RECORDS FOR THIS EXERCISE:
=== Section Start ===

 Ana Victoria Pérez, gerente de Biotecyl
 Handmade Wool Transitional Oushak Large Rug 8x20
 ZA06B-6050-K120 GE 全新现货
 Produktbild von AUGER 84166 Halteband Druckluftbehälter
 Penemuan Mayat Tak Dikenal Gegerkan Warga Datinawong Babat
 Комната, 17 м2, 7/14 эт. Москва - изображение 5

=== Section End ===
=== Section Start ===

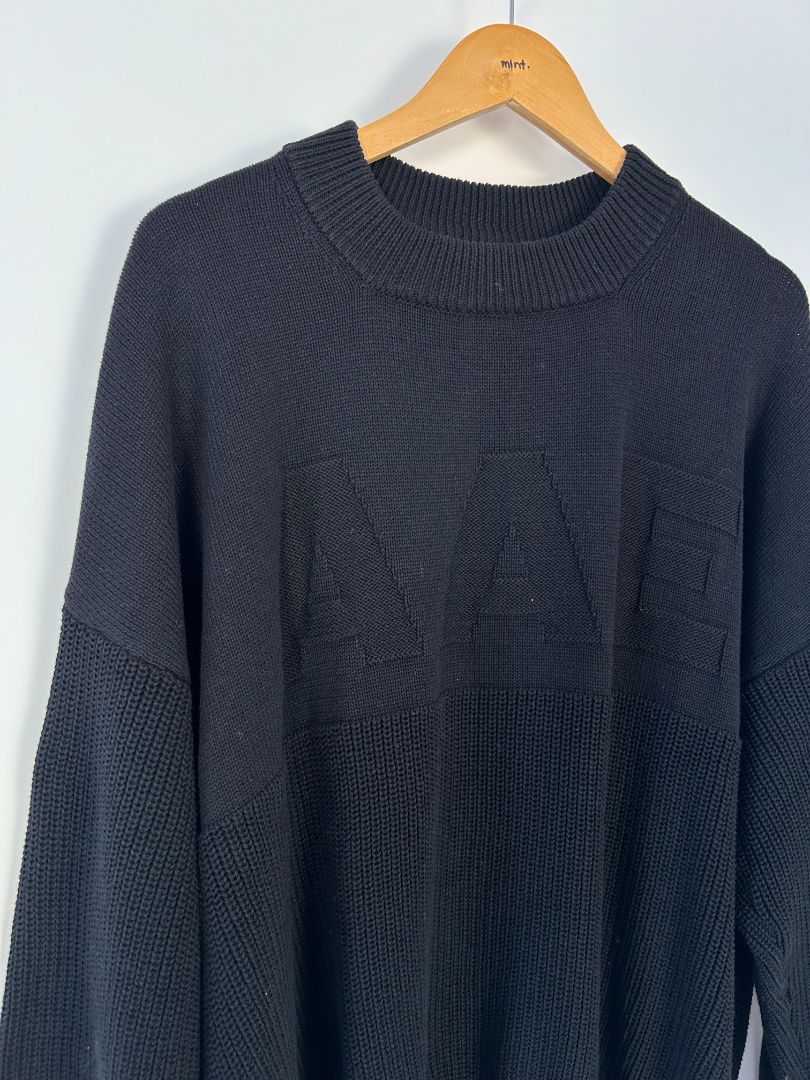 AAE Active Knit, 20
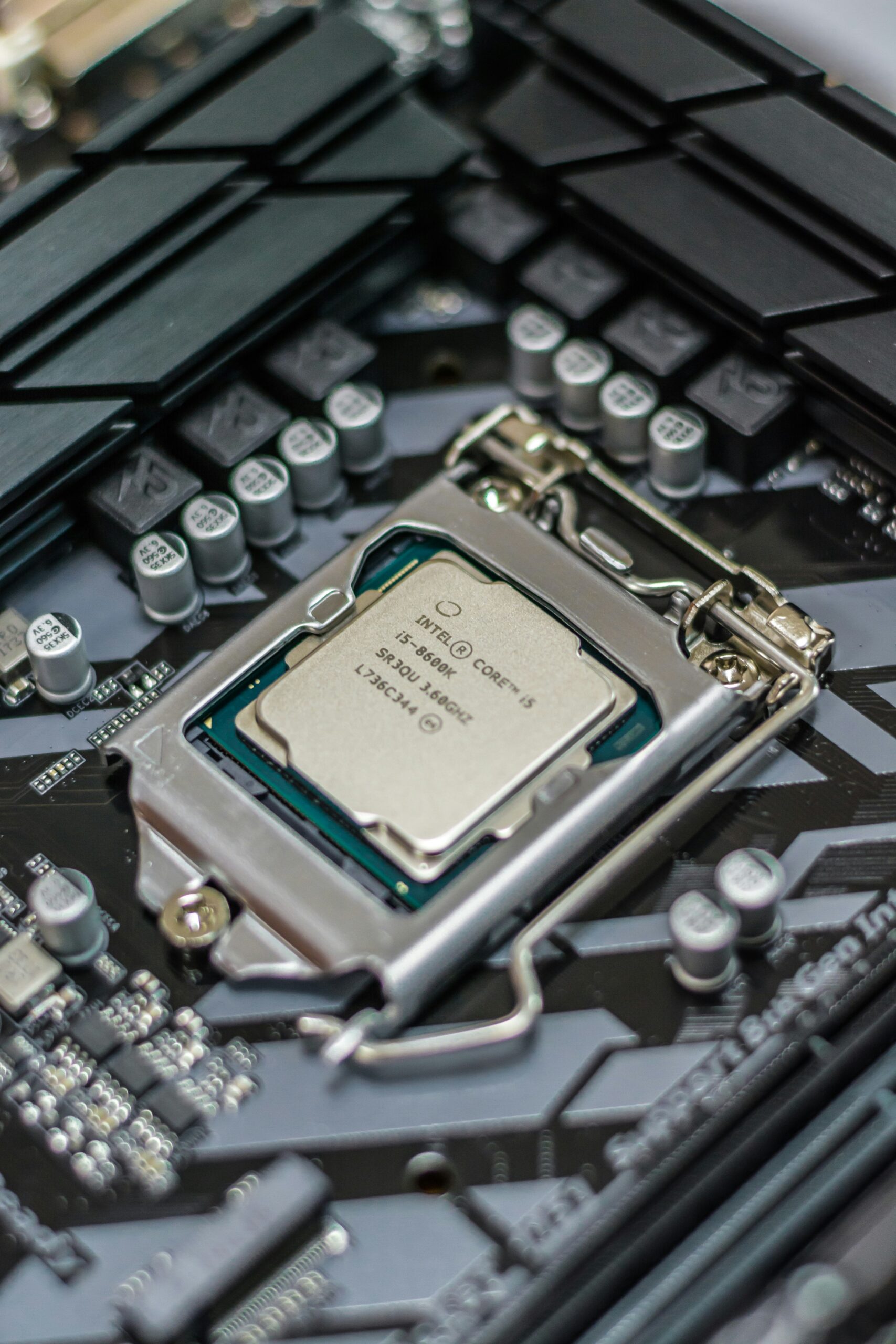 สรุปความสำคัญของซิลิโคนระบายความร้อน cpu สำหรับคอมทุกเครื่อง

=== Section End ===
=== Section Start ===

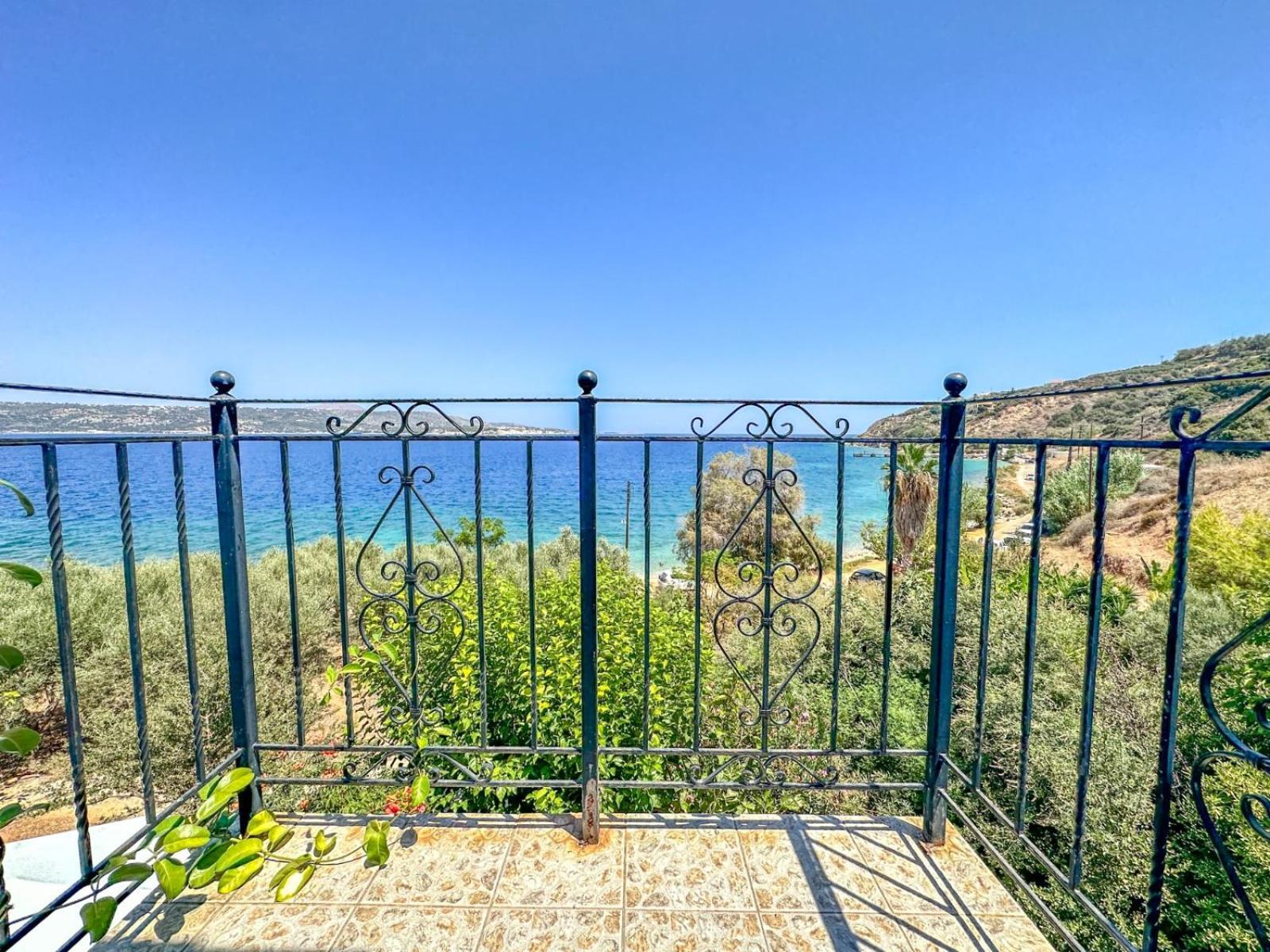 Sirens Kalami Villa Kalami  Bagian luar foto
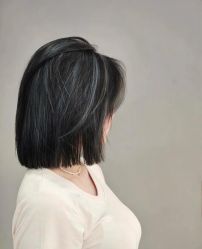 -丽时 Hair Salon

=== Section End ===

ACTION ITEM: Your answer should be the lines above from the one containing "Handmade Wool Transitional" through the one containing "Комната, 17 м2, 7/14", copied exactly and with both ends kept.

RESULT:
 Handmade Wool Transitional Oushak Large Rug 8x20
 ZA06B-6050-K120 GE 全新现货
 Produktbild von AUGER 84166 Halteband Druckluftbehälter
 Penemuan Mayat Tak Dikenal Gegerkan Warga Datinawong Babat
 Комната, 17 м2, 7/14 эт. Москва - изображение 5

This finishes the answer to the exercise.